Thread: Understanding INNER JOIN versus IN subquery

Understanding INNER JOIN versus IN subquery

From

Robert James

Date:

20 July 2009, 13:38:12

I have two queries which should be equivalent. The Planner plans them differently, although they are both about the same time. Can someone explain why?

select word from dict
where
word in
(select substr('moon', 0, generate_series(3,length('moon'))))

select * from dict
inner join (select substr('moon', 0, generate_series(3,length('moon')))) as m
on dict.word = m.substr

Is one preferred?

Re: Understanding INNER JOIN versus IN subquery

From

Greg Stark

Date:

20 July 2009, 14:22:29

On Mon, Jul 20, 2009 at 2:37 PM, Robert James<srobertjames@gmail.com> wrote:
> I have two queries which should be equivalent.  The Planner plans them
> differently, although they are both about the same time.  Can someone
> explain why?

Uhm, please post the two plans and the server version.
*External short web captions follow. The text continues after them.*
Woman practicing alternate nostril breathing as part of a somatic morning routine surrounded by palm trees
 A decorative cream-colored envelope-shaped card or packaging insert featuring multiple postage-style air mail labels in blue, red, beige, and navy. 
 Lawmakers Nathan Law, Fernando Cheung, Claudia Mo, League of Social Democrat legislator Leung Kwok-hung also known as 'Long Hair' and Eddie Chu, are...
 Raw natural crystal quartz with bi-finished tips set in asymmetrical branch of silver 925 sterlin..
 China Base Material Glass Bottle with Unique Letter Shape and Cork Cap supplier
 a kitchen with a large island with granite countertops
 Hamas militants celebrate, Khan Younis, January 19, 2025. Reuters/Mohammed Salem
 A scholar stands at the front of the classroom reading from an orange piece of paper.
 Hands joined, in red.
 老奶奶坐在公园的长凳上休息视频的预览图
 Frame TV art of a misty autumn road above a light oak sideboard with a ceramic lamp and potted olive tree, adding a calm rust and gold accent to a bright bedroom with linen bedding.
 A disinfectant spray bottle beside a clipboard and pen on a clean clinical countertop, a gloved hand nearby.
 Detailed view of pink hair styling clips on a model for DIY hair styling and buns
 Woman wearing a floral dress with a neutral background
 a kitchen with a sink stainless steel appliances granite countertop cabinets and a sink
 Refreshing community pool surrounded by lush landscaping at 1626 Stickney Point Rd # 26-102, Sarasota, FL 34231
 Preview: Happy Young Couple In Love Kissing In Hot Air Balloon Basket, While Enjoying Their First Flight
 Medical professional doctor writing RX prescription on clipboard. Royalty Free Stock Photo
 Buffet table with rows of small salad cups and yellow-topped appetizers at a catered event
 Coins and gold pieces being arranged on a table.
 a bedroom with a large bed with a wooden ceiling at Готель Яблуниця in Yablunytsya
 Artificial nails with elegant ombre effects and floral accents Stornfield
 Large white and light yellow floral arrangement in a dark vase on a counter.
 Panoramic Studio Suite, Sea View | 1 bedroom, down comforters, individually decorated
I know you've
posted them before but that was in another thread that I don't have
handy.

The short answer is that the server doesn't know that the subquery is
definitely going to produce distinct results so it doesn't know the
inner join won't produce duplicates. So it can't tell that these
queries might be equivalent.

--
greg
http://mit.edu/~gsstark/resume.pdf

Re: Understanding INNER JOIN versus IN subquery

From

Grzegorz Jaśkiewicz

Date:

20 July 2009, 14:28:49

On Mon, Jul 20, 2009 at 2:37 PM, Robert James<srobertjames@gmail.com> wrote:
> I have two queries which should be equivalent.  The Planner plans them
> differently, although they are both about the same time.  Can someone
> explain why?
> select word from dict
> where
>  word in
>  (select substr('moon', 0, generate_series(3,length('moon'))))
>
> select * from dict
> inner join (select substr('moon', 0, generate_series(3,length('moon')))) as
> m
> on dict.word = m.substr
>
> Is one preferred?

it is hard to say from your example. But in my general expierence, I
noticed similar thing many times.
Needless to say, I prefer personally to choose JOINs instead of IN(),
because those tend to be faster on postgresql.